Your goal:
Word for word, repeat the data that follows. Do not include the pictures.

[Brief descriptive captions]
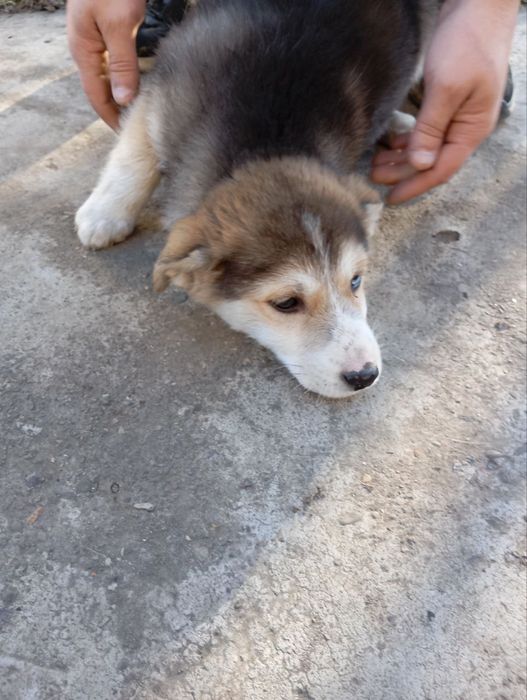 Красива дівчинка шукає дім та люблячу родину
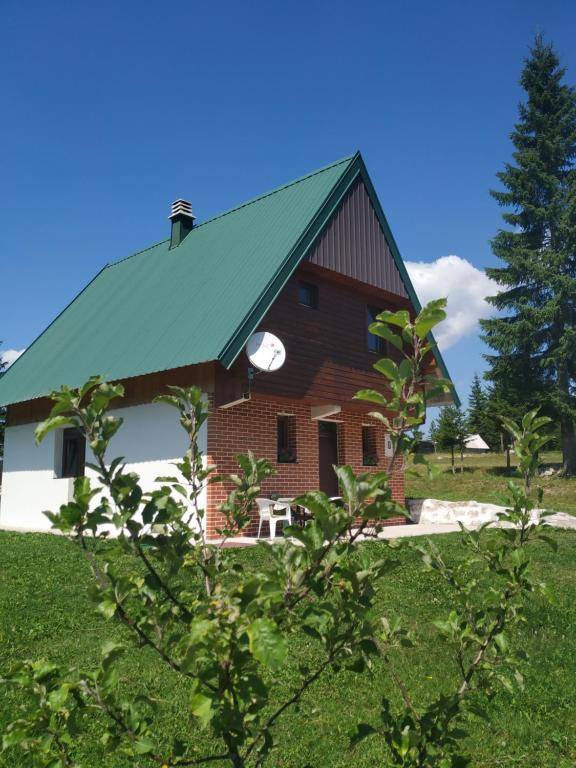 House in forest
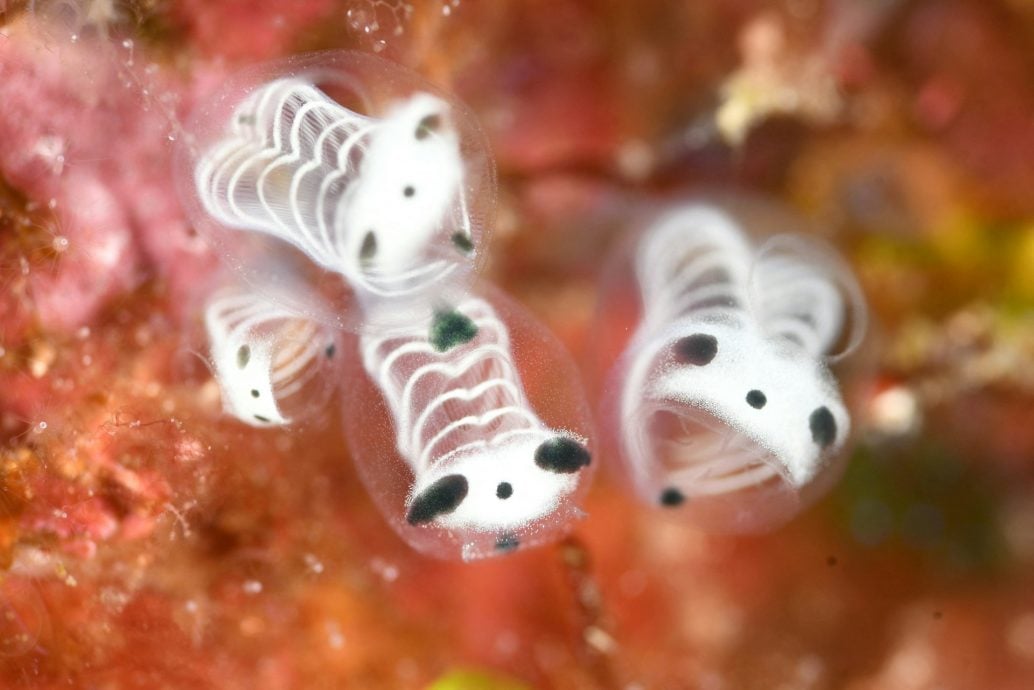 冲绳网络爆红神秘生物“骷髅熊猫海鞘” 日本科学家确认为新品种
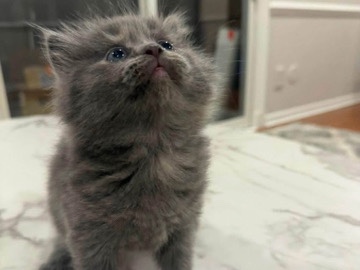 Persian (Traditional) – Dollface Persian kitten – Parma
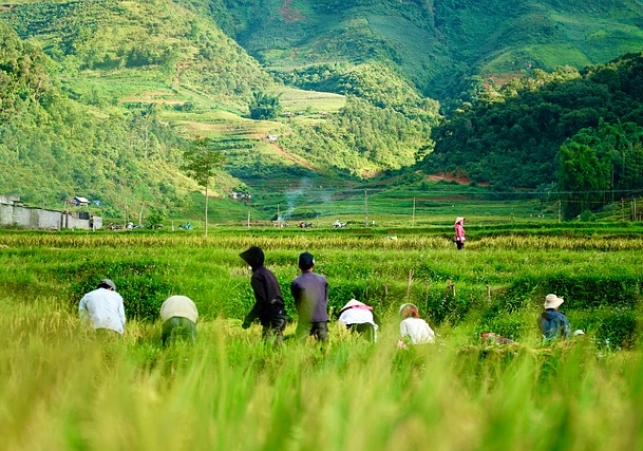 warsztat opalowy i litofony z Gia Lai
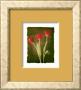 Sonata I - Mini by Amy Melious Limited Edition Print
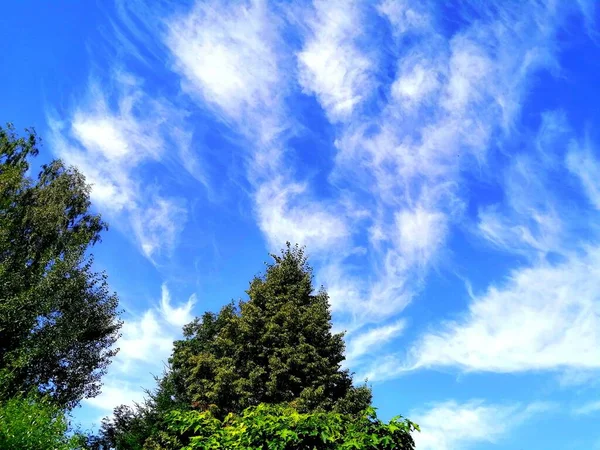 树梢在天空的背景上 蓝天的背景上 绿树成荫 烟雾弥漫 — 图库照片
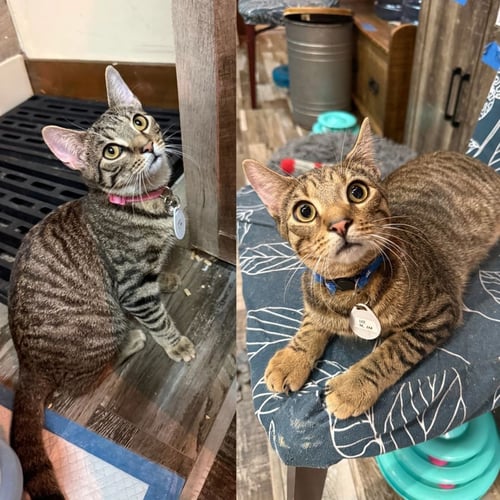 LUCY & LEE - Domestic Short Hair for adoption in Newark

Exercise response:
 Красива дівчинка шукає дім та люблячу родину
 House in forest
 冲绳网络爆红神秘生物“骷髅熊猫海鞘” 日本科学家确认为新品种
 Persian (Traditional) – Dollface Persian kitten – Parma
 warsztat opalowy i litofony z Gia Lai
 Sonata I - Mini by Amy Melious Limited Edition Print
 树梢在天空的背景上 蓝天的背景上 绿树成荫 烟雾弥漫 — 图库照片
 LUCY & LEE - Domestic Short Hair for adoption in Newark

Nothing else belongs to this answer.